This 6-5 en banc decision, substantially affirming Judge Jenkins’ class certification in this Title VII sex discrimination case, casts the Ninth Circuit judges in the role of advocates: the majority underplaying the significance of their decision, the dissent howling in outrage. Both groups of judges are playing to the probable, final arbiter (barring a settlement): the U.S. Supreme Court.
Dukes v. Wal-Mart Stores Inc., No. 04-16688 (9th Cir. Apr. 26, 2010): The majority summarizes the claims —
“Plaintiffs’ Third Amended Complaint, brought on behalf of certain named plaintiffs and those similarly situated, asserts claims against Wal-Mart for sex discrimination under Title VII of the 1964 Civil Rights Act. Plaintiffs allege that women employed in Wal-Mart stores: (1) are paid less than men in comparable positions, despite having higher performance ratings and greater seniority; and (2) receive fewer-and wait longer for-promotions to in-store management positions than men. Plaintiffs contend that Wal-Mart’s strong, centralized structure fosters or facilitates gender stereotyping and discrimination, that the policies and practices underlying this discriminatory treatment are consistent throughout Wal-Mart stores, and that this discrimination is common to all women who work or have worked in Wal-Mart stores.”
The district court held in 2004 that the case met the requirements of Fed.
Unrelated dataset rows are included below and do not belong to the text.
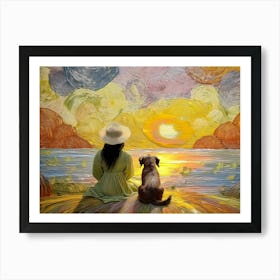 Watching Sunset With Dog Art Print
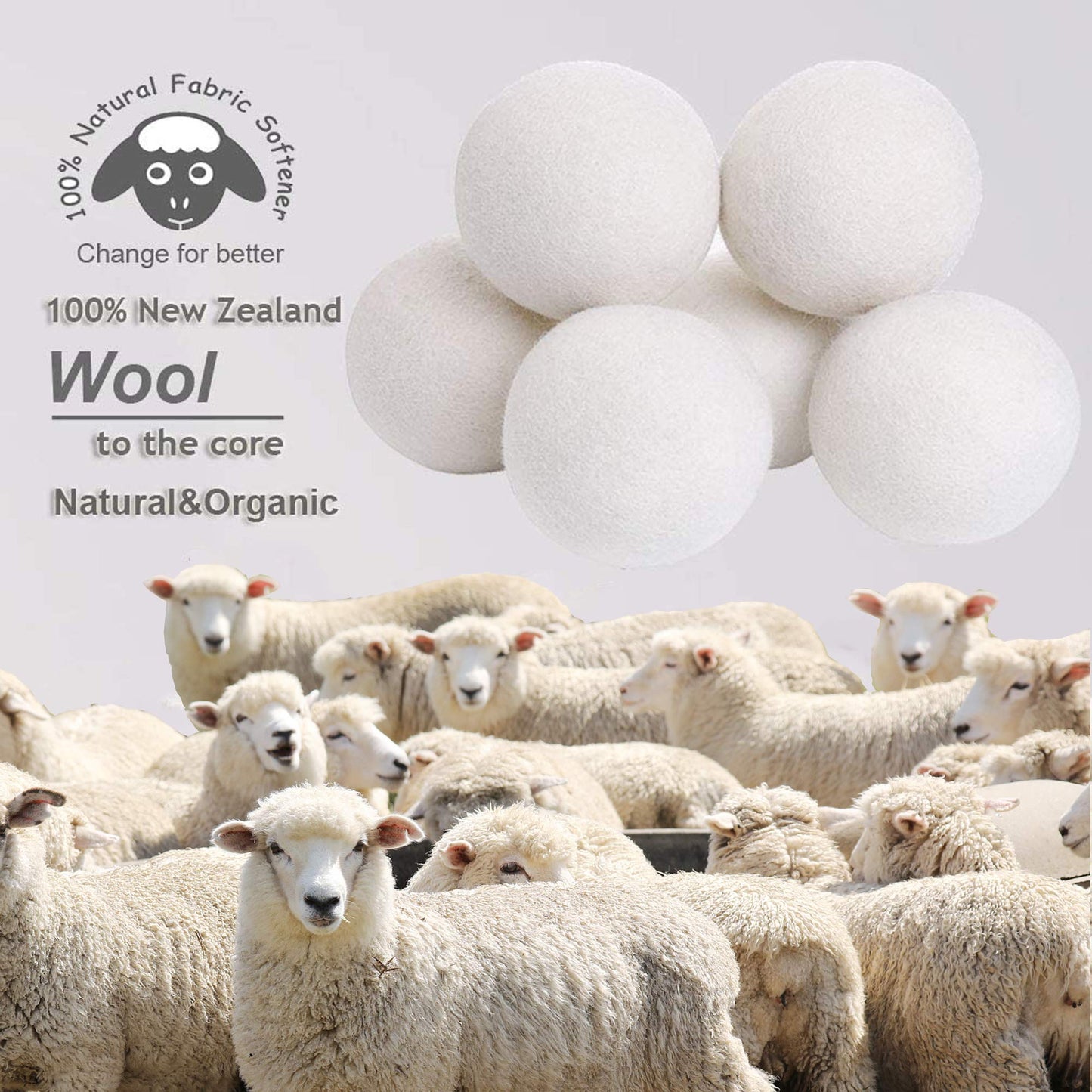 Wool Dryer Balls XL 6-Pack – 100% New Zealand Organic, Chemical-Free, Baby Safe & Hypoallergenic Fabric Softener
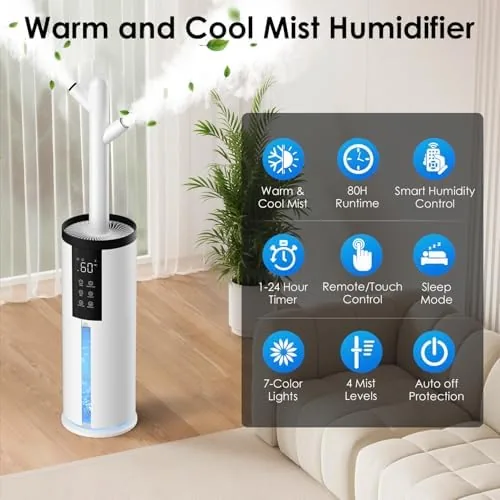 The Humidifier for Large Room, 2.11Gal Cool & Warm Mist,Top Fill in real use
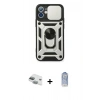 MARSİLYAN™- iPhone 11 Kılıf Ahenk Klasik - Siyah Joko Magic 5D Cam + Yeşil Pers Alüminyum Kamera Lens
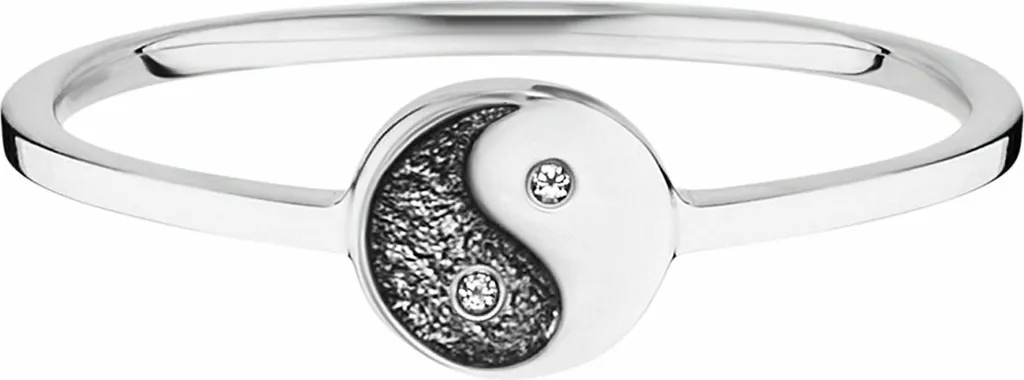 Anello Donna caï Yin Yang Argento 925 Rodiato | Idea Regalo Zirconi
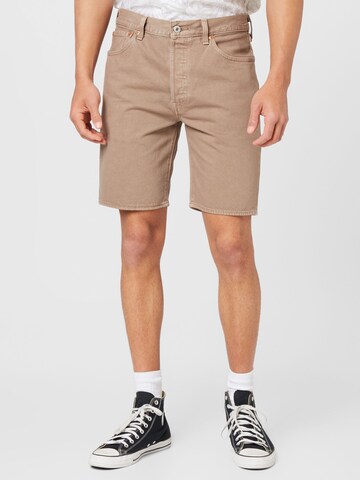 LEVI'S ® Slim fit Jeans '501 Original Shorts' in Brown: front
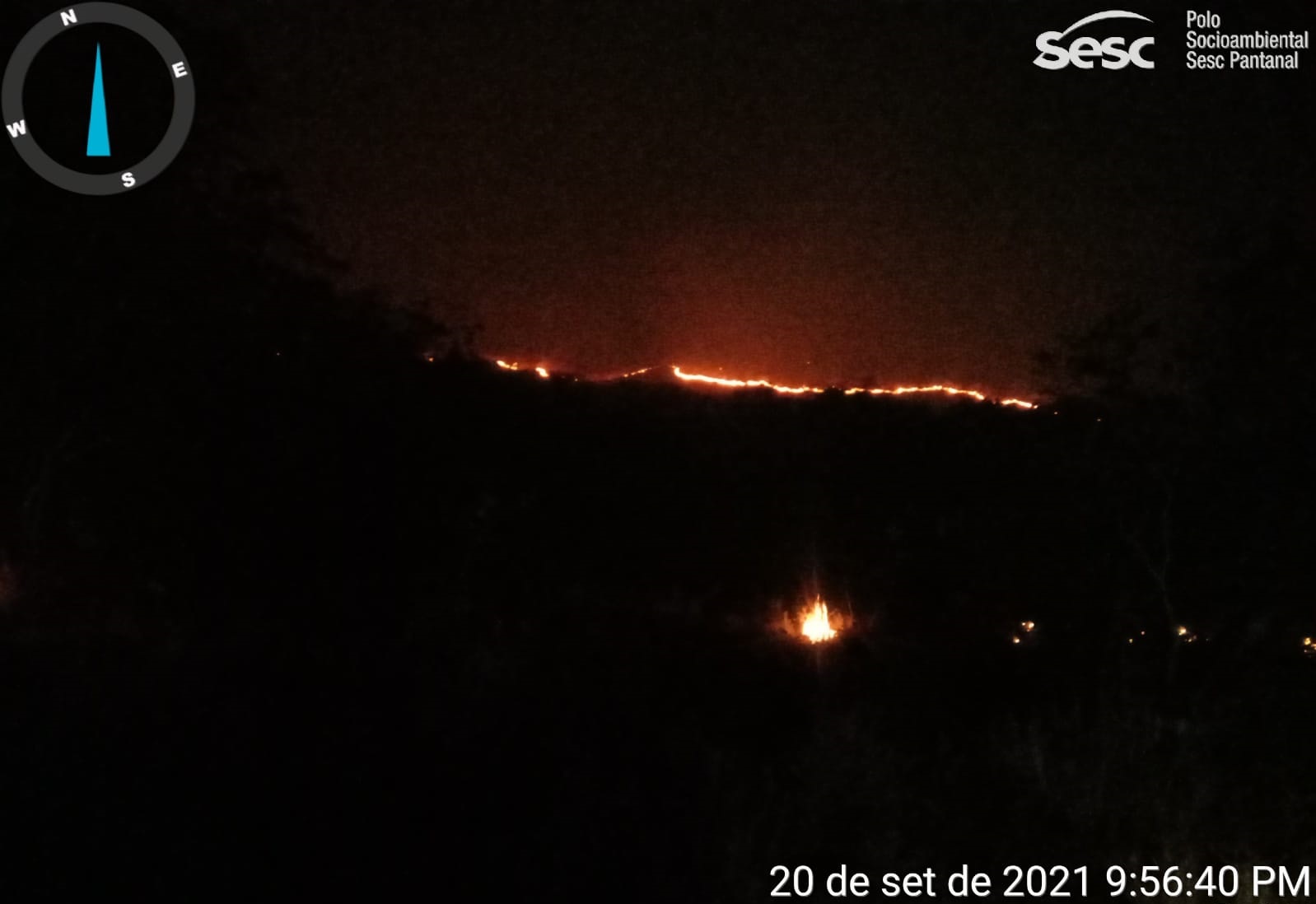 Bombeiros, Força Nacional e Brigadistas do Sesc Pantanal combatem fogo que avança na região de Nobres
R. Civ. P. 23 and certified a class of “All women employed at any Wal-Mart domestic retail store at any time since December 26, 1998 who have been or may be subjected to Wal-Mart’s challenged pay and management track promotions policies and practices.” Since that time, the case has been pending on appeal before the Ninth Circuit, through two 2-1 panel decisions and rehearing before the en banc panel.
The six-judge majority crafts an opinion that corrals and restates the evolution of class action law in the years since Fed. R. Civ. P. 23(f) permitted courts of appeal to take interlocutory appeals of class action certification decisions. It also attempts to clean up intracircuit disputes about Rule 23 (so practitioners in that circuit will want to be particularly attentive about what the panel says about a host of familiar precedents).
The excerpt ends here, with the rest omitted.